Both parties are competitors in the volume homes market. The appeal centred on Carlisle’s submissions that the trial judge wrongly held that the Carlisle principals had conspired to give false evidence. In making this finding, Carlisle submitted that the trial judge did not deal with testimony contrary to the finding (therefore giving inadequate reasons), and that he failed to test his conclusions against the design derivation case that Carlisle Homes had advanced at trial. Noel Hutley SC submitted for Carlisle that, given the seriousness of the findings made by the trial judge, it was incumbent on him to evaluate fully all central evidence giving rise to this conclusion. It was also necessary to test his findings against the apparent ‘fingerprints’ in Carlisle’s initial drawing which indicated that the design source was not a Barrett plan. By failing to do this, Carlisle argued that there was a significant error justifying a new trial. To do otherwise would deny Carlisle and its principals procedural fairness given the potential adverse impact these findings could have on their reputations.

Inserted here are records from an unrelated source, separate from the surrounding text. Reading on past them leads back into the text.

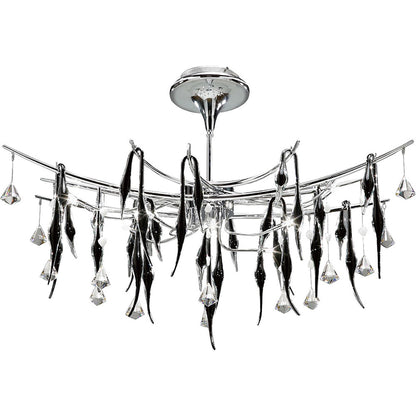 Diyas Cygnet  Oval 11 Light G4 Polished Chrome/Black Glass/Crystal, NOT LED/CFL Compatible Ceiling Pendant Light Fitting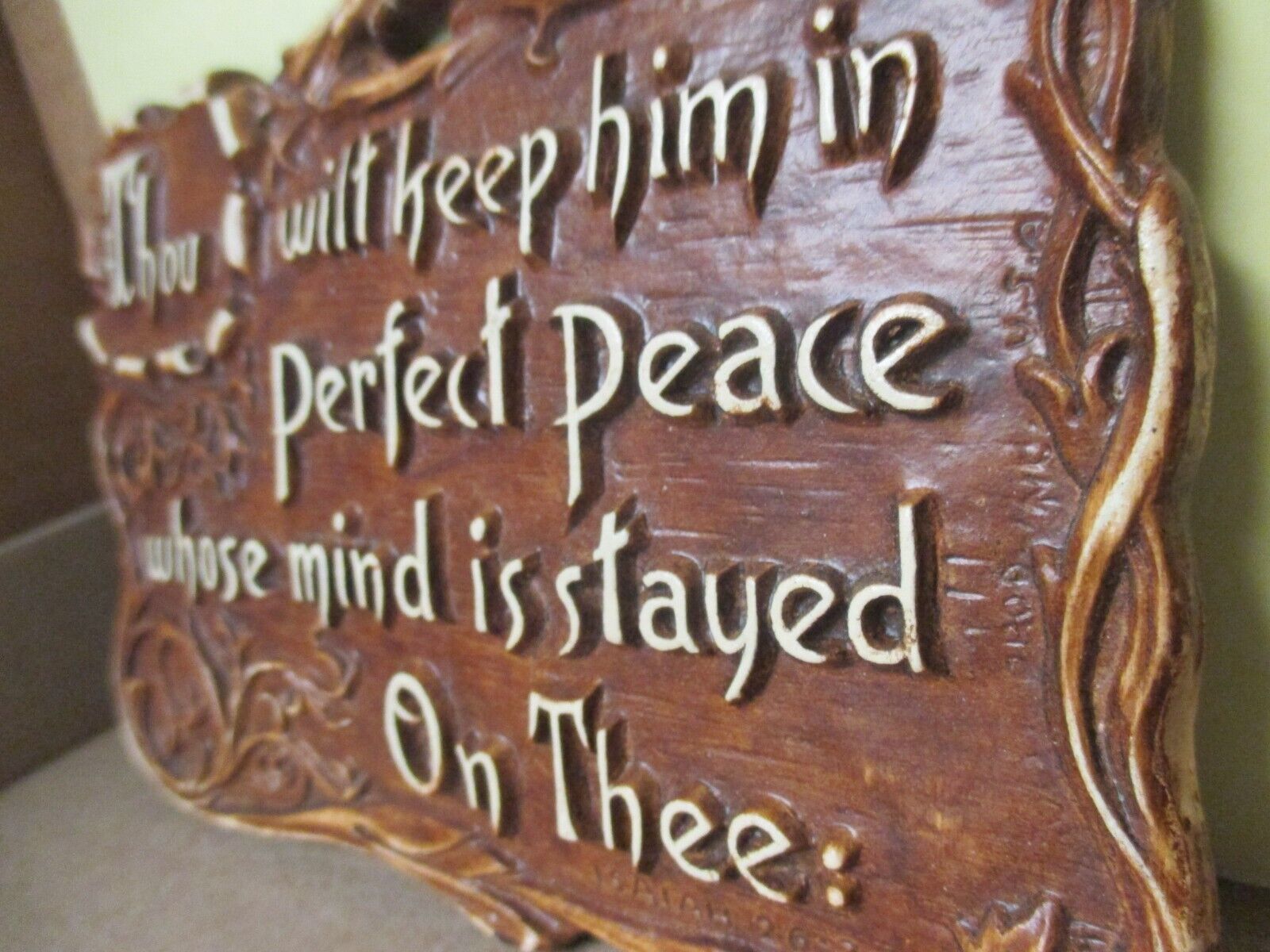 Vintage Christian Wall Plaque THOU WILT KEEP HIM IN PERFECT PEACE Isaiah 26:3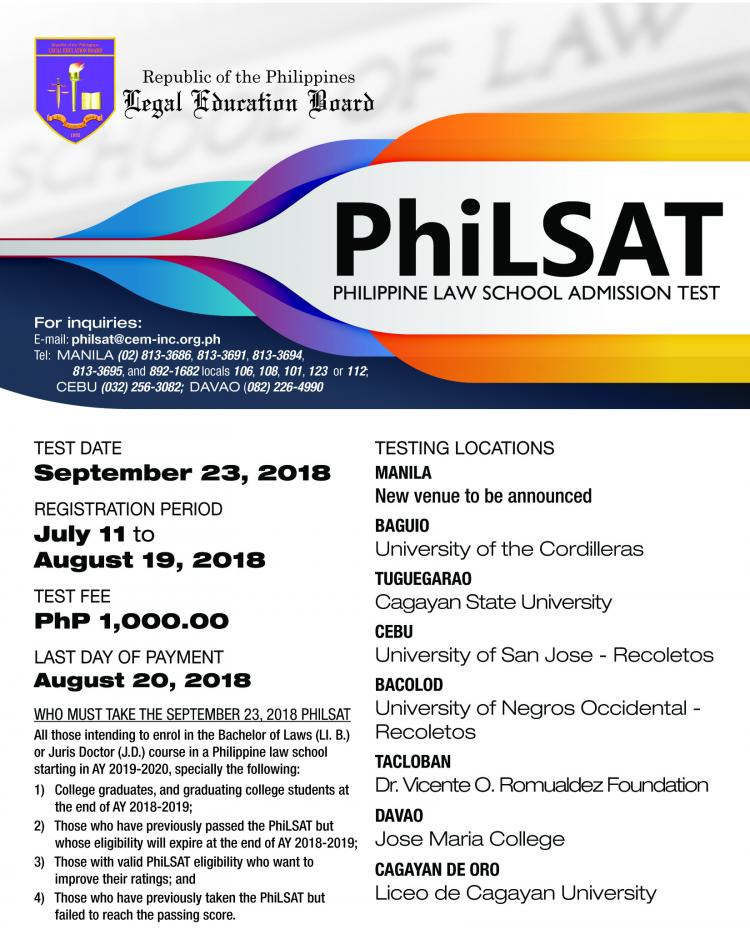 PhilSat: Next Schedule and Requirements 2018 PhilSat: Next Schedule and Requirements 2018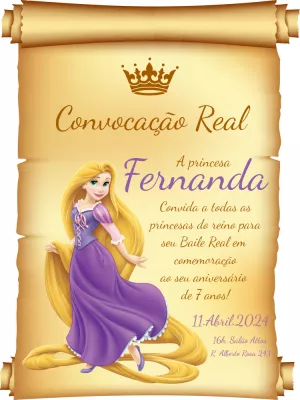 Convite de Aniversário Enrolados com Rapunzel para Editar Online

The need for judgments to provide adequate reasons is increasing in profile at present. The obvious rationale is that they must provide the “foundation for the acceptability of the decision by the parties and the public” (Soulemezis v Dudley (Holdings) Pty Ltd (1987) 10 NSWLR 247, 249 per McHugh JA). A judgment containing adequate reasons establishes a framework for determining whether the decision has been based on material fact and not mere speculation, whether procedural fairness has been accorded, or whether the judge may have erred at law. Much of this law is emerging from the respective Court of Appeals of New South Wales and Victoria. There are no fixed principles. For instance, the law will not demand an express finding concerning every fact leading to or relevant to a judge’s final decision (Soulemezis v Dudley Holdings, (1987) 10 NSWLR 247 per Mahoney J at 271). However, where the evidence is crucial to the proper determination of the matter and the trial judge has failed to refer to it, this may encourage an appellate court to infer that the evidence was overlooked or not considered by the trial judge (Sun Alliance v Massoud [1989] VR 8). This might result in a finding of mistrial so that a new trial is ordered.
A review of the cases shows that there are strong comments being made about the duty of a judge to provide proper reasons. Equally though, this needs to be balanced against the possibility that too much irrelevant detail will be included in judgments capable of muddying, rather than clarifying, the reasons for decision. The Full Federal Court, comprising Tamberlin, Sundberg and Besanko JJ has reserved its decision.